Things were simpler in the pre-Enlightenment days when we only five planets to keep track of. But Haley realized that comets could have orbits, Herschel discovered Uranus, and Galle (with Le Verrier’s guidance) found Neptune. Then a host of other astronomers detected Ceres and a host of other asteroids, and Tombaugh observed Pluto in 1930.
Astronomers relished the proliferation — every new-found object up there was a new test case for challenging one or another competing theory.
Here’s the currently accepted narrative… Long ago but quite close-by, there was a cloud of dust in the Milky Way galaxy. Random motion within it produced a swirl that grew into a vortex dozens of lightyears long.
Consider one dust particle (we’ll call it Isaac) afloat in a slice perpendicular to the vortex. Assume for the moment that the vortex is perfectly straight, the dust is evenly spread across it, and all particles have the same mass. Isaac is subject to two influences — gravitational and rotational.
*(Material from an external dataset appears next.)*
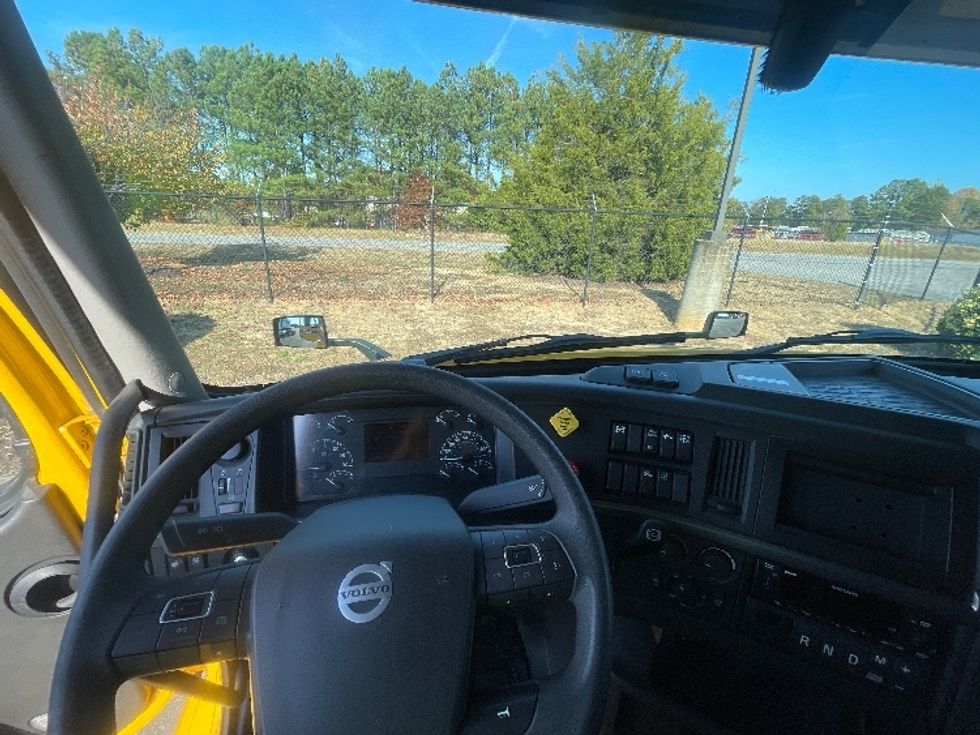 Sleeper Tractor-Heavy Duty Tractors-Volvo-2022-VNL64760-Tacoma-WA-417,954\n\t\tmiles-$ 86,750 - Image 11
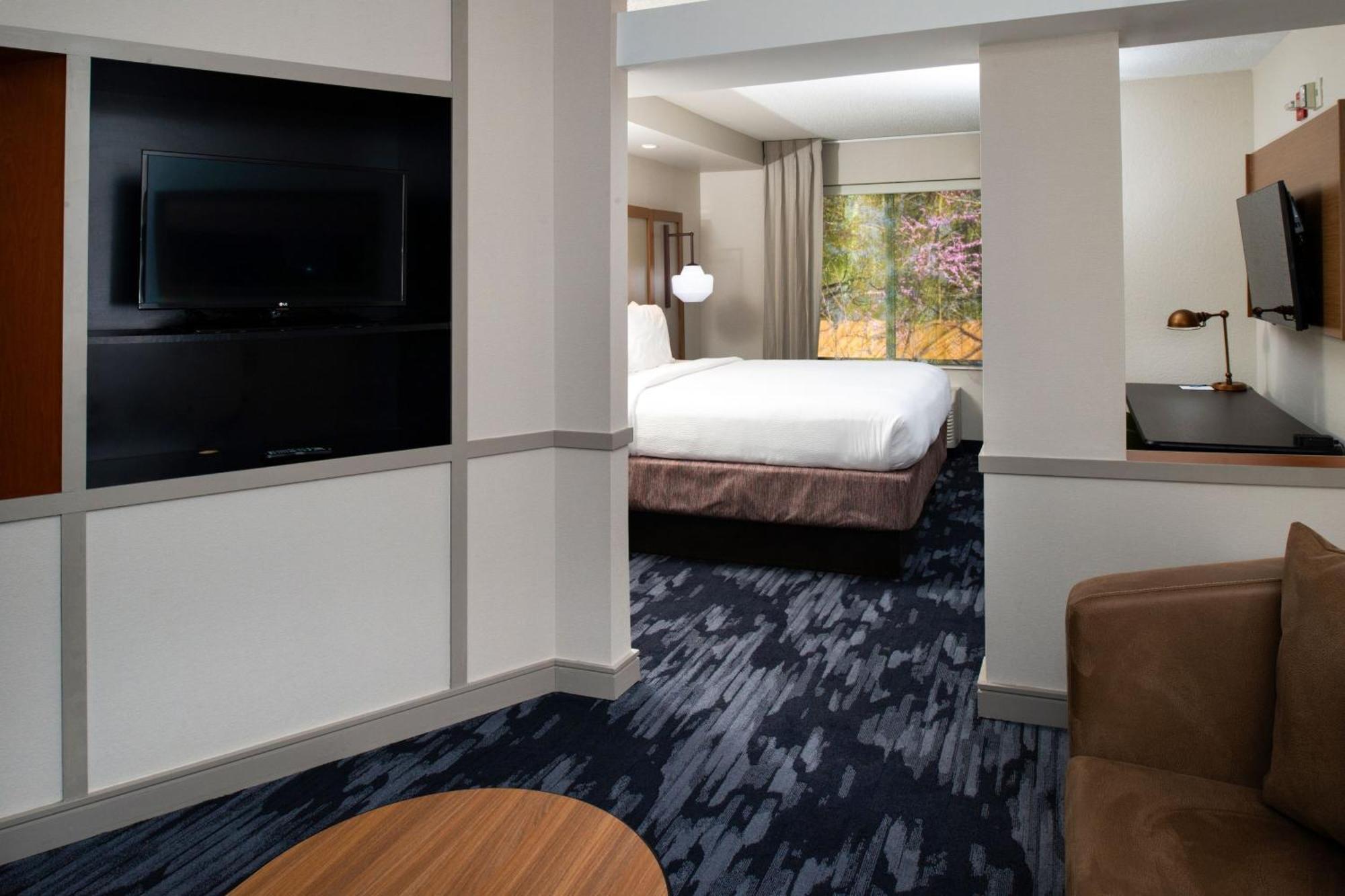 Fairfield Inn&Suites Greensboro Wendover Buitenkant foto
out of balance and giving rise
to a solar system.
Gravity pulls Isaac towards towards every other particle in the slice. Except for very near the slice’s center there are generally more particles (and thus more mass) toward and beyond the center than back toward the edge behind him. Furthermore, there will generally be as many particles to Isaac’s left as to his right. Gravity’s net effect is to pull Isaac toward the vortex center.
But the vortex spins. Isaac and his cohorts have angular momentum, which is like straight-line momentum except you’re rotating about a center. Both of them are conserved quantities — you can only get rid of either kind of momentum by passing it along to something else. Angular momentum keeps Isaac rotating within the plane of his slice.
An object’s angular momentum is its linear momentum multiplied by its distance from the center. If Isaac drifts towards the slice’s center (radial distance decreases), either he speeds up to compensate or he transfers angular momentum to other particles by colliding with them.
But vortices are rarely perfectly straight. Moreover, the galactic-cloud kind are generally lumpy and composed of different-sized particles. Suppose our vortex gets kinked by passing a star or a magnetic field or even another vortex. Between-slice gravity near the kink shifts mass kinkward and unbalances the slices to form a lump (see the diagram). The lump’s concentrated mass in turn attracts particles from adjacent slices in a viscous cycle (pun intended).
After a while the lumpward drift depletes the whole neighborhood near the kink. The vortex becomes host to a solar nebula, a concentrated disk of dust whirling about its center because even when you come in from a different slice, you’ve still got your angular momentum. When gravity smacks together Isaac and a few billion other particles, the whole ball of whacks inherits the angular momentum that each of its stuck-together components had. Any particle or planetoid that tries to make a break for it up- or down-vortex gets pulled back into the disk by gravity.
That theory does a pretty good job on the conventional Solar System — four rocky Inner Planets, four gas giant Outer Planets, plus that host of asteroids and such, all tightly held in the Plane of The Ecliptic.
How then to explain out-of-plane objects like Pluto and Eris, not to mention long-period comets with orbits at all angles?
We now know that the Solar System holds more than we used to believe. Who’s in is still “objects whose motion is dominated by the Sun’s gravitational field,” but the Sun’s net spreads far further than we’d thought. Astronomers now hypothesize that after its creation in the vortex, the Sun accumulated an Oort cloud — a 100-billion-mile spherical shell containing a trillion objects, pebbles to planet-sized.
At the shell’s average distance from the Sun (see how tiny Neptune’s path is in the diagram) Solar gravity is a millionth of its strength at Earth’s orbit. The gravity of a passing star or even a conjunction of our own gas giants is enough to start an Oort-cloud object on an inward journey.
These trans-Neptunian objects are small and hard to see, but they’re revolutionizing planetary astronomy.